1.1. Our aim: To understand human life and human existence, including the fact that man is a rational being who can think, know, and understand.
1.2. What we want to get at is some understandings:
1.2.1.How a being of such nature may be expected to act and behave.
1.2.2.What a being will do and how he/her will live.
2. Basic Aristotelian Distinction: Ends (Goals) and Means:
2.1. End (Goal): That at which one aims, shoots for, etc.
2.2. Means: That which one uses to achieve the end/goal.
3. Teleological Ethics:
3.1. ‘Teleology’ refers to end or goal-directness.
3.1.1. A teleological theory is one that emphasizes
purposive and goal directed activity.
3.2. Common feature of teleological ethical theories: Concerned primarily with ends or the good rather than with moral obligation, duty, etc.

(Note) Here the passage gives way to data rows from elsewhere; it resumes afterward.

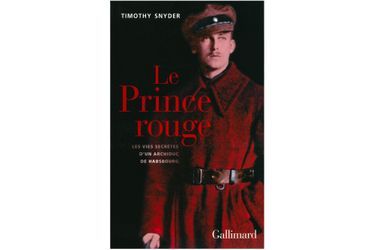  «Le Prince rouge. Les vies secrètes d'un archiduc de Habsbourg» de Timothy Snyder.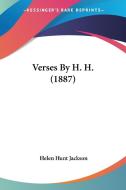 Verses by H. H. (1887) di Helen Hunt Jackson edito da Kessinger Publishing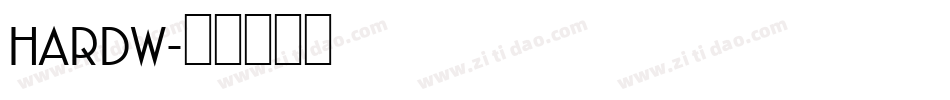 HARDW字体转换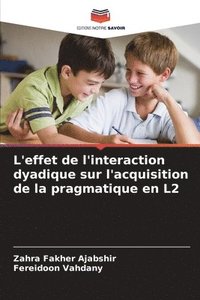 bokomslag L'effet de l'interaction dyadique sur l'acquisition de la pragmatique en L2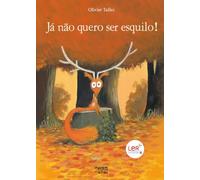 Já não quero ser esquilo! (Nuvem de Letras)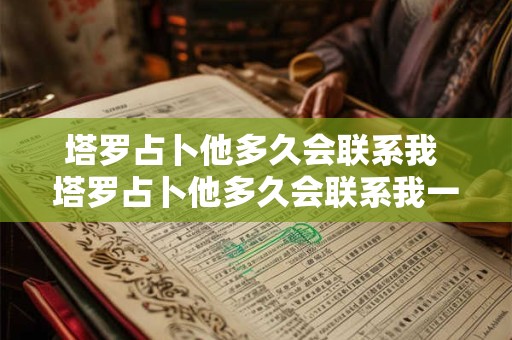 塔罗占卜他多久会联系我 塔罗占卜他多久会联系我一次呢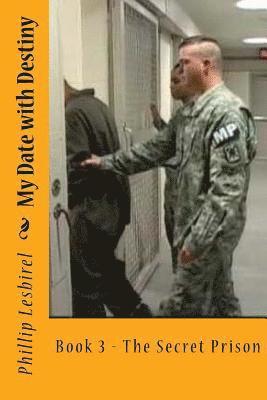 Phillip Lesbirel - My Date with Destiny: The Secret Prison, Häftad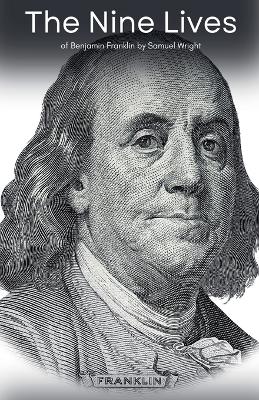 Book cover for The Nine Lives of Benjamin Franklin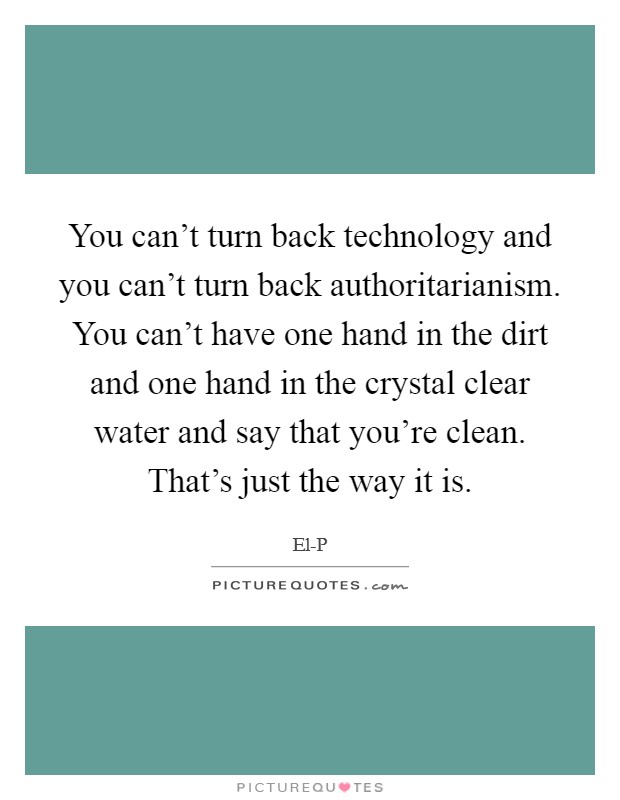 You can't turn back technology and you can't turn back authoritarianism. You can't have one hand in the dirt and one hand in the crystal clear water and say that you're clean. That's just the way it is. Picture Quote #1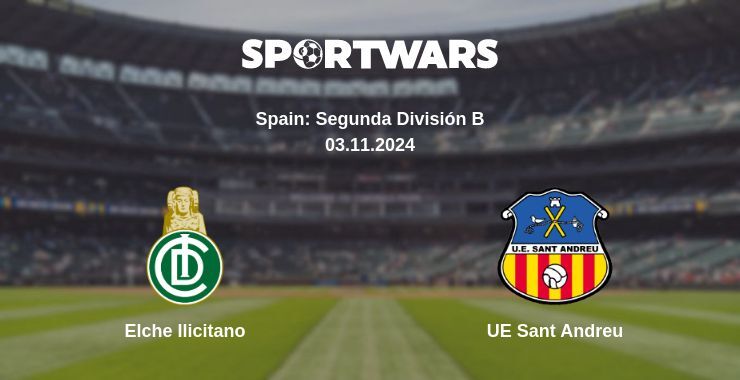 Elche Ilicitano — UE Sant Andreu watch online for free 03.11.2024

3.2.1. Considerations of moral value have priority over consideration of moral obligation and duty.
3.2.2. Concepts of obligation, such as duty, ought, or right, are definable in terms of concepts of value (e.g., good).
4. Aristotle’s Teleological View:
Aristotle tells us that there is a natural goal or telos of human life, toward which we all oriented and which we all desire and aim at.

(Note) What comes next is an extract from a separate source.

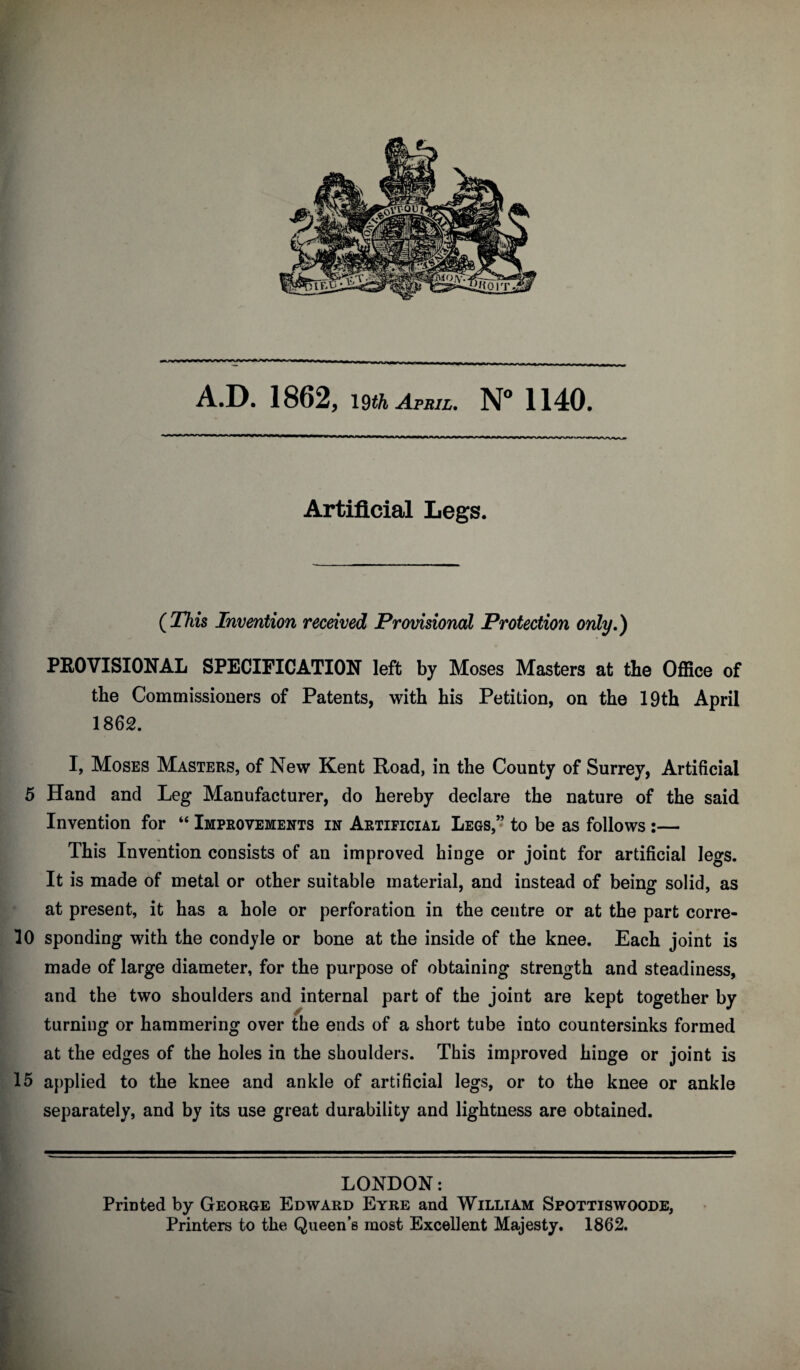 A.D. 1862, 19^^ April. N 1140. Artificial Legs. (^This Invention received Provisional Protection only.) PEOVISIONAL SPECIFICATION left by Moses Masters at the Office of the Commissioners of Patents, with his Petition, on the 19th April 1862. I, Moses Masters, of New Kent Road, in the County of Surrey, Artificial 5 Hand and Leg Manufacturer, do hereby declare the nature of the said w f Invention for “ Improvements in Artificial Legs,” to be as follows :— ^ This Invention consists of an improved binge or joint for artificial legs, r It is made of metal or other suitable material, and instead of beinsf solid, as ^ / O ^ i' at present, it has a hole or perforation in the centre or at the part corre- i 10 spending with the condyle or bone at the inside of the knee. Each joint is made of large diameter, for the purpose of obtaining strength and steadiness, and the two shoulders and internal part of the joint are kept together by t turning or hammering over the ends of a short tube into countersinks formed i at the edges of the holes in the shoulders. This improved hinge or joint is 115 applied to the knee and ankle of artificial legs, or to the knee or ankle I separately, and by its use great durability and lightness are obtained. LONDON: Printed by George Edward Eyre and William Spottiswoode, Printers to the Queen’s most Excellent Majesty. 1862.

4.1. Aristotle’s ethical inquiry:
4.1.1. Trying to explore such proper telos or final ends of human behavior, i.e., to determine what is the proper goal of human life.
4.1.2.Directed toward finding the ways and means for us to attain our natural end or for us to attain the good life, or the full and perfect life for ourselves as human being.
5. The Goal for a Good Life:
5.1. Well-being, Eudaimonia and Happiness
5.1.1. Eu—good, daimonia—spirit;
5.2. All man seeks happiness. They all agree to call the chief good eudaimonia, but do not agree what it is.
5.3. Aristotle’s objections:
5.3.1.Need/Want Distinction:
Need and wants both indicate desires, but not desires of the same kind.
5.3.1.1.Natural needs and artificial wants;
5.3.1.2. Temporary wants and long run needs.
5.3.2. Subjective feeling and objective activity.
5.3.3. Happiness is the activity of the soul in accordance with virtue.
5.3.3.1. Happiness is the state of actualizing or realizing a person’s function.
5.3.3.2. A happy life is one that provides all the necessary conditions and opportunities for a person to become fully him or herself.
5.3.3.3. Happiness requires possessions, but is not itself a possession.